Supplied data>
################
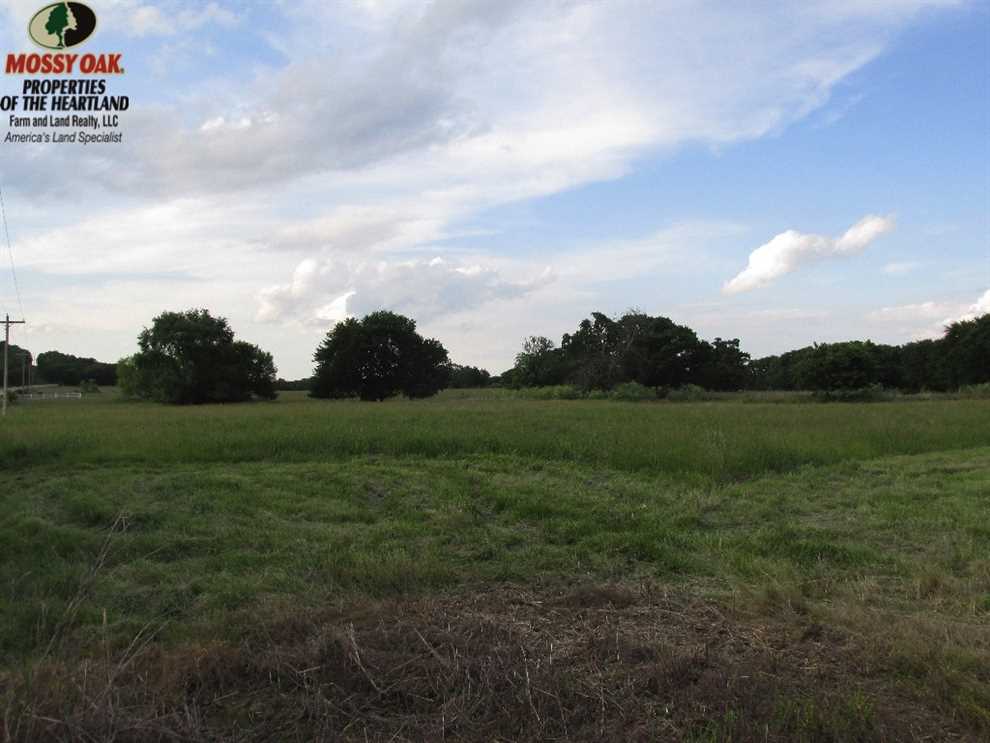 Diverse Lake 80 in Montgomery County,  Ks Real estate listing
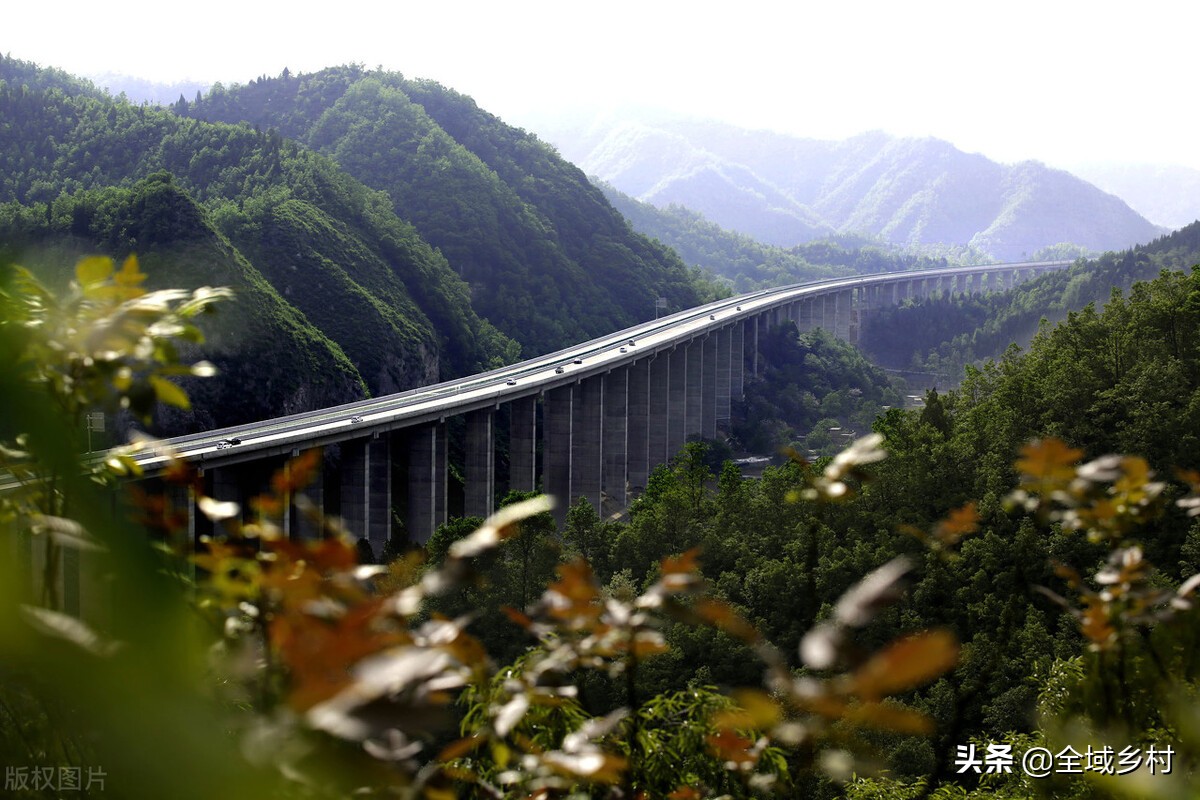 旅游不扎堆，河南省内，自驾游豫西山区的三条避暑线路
################
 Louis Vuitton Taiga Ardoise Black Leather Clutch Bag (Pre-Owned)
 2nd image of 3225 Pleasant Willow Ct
################
Task to carry out> In the listing above, find the line containing "Diverse Lake 80". Output it and every line after it up to and including the line containing "旅游不扎堆，河南省内，自驾游豫西山区的三条避暑线路", exactly, but skip the pictures.

Solution to this problem>
 Diverse Lake 80 in Montgomery County,  Ks Real estate listing
 旅游不扎堆，河南省内，自驾游豫西山区的三条避暑线路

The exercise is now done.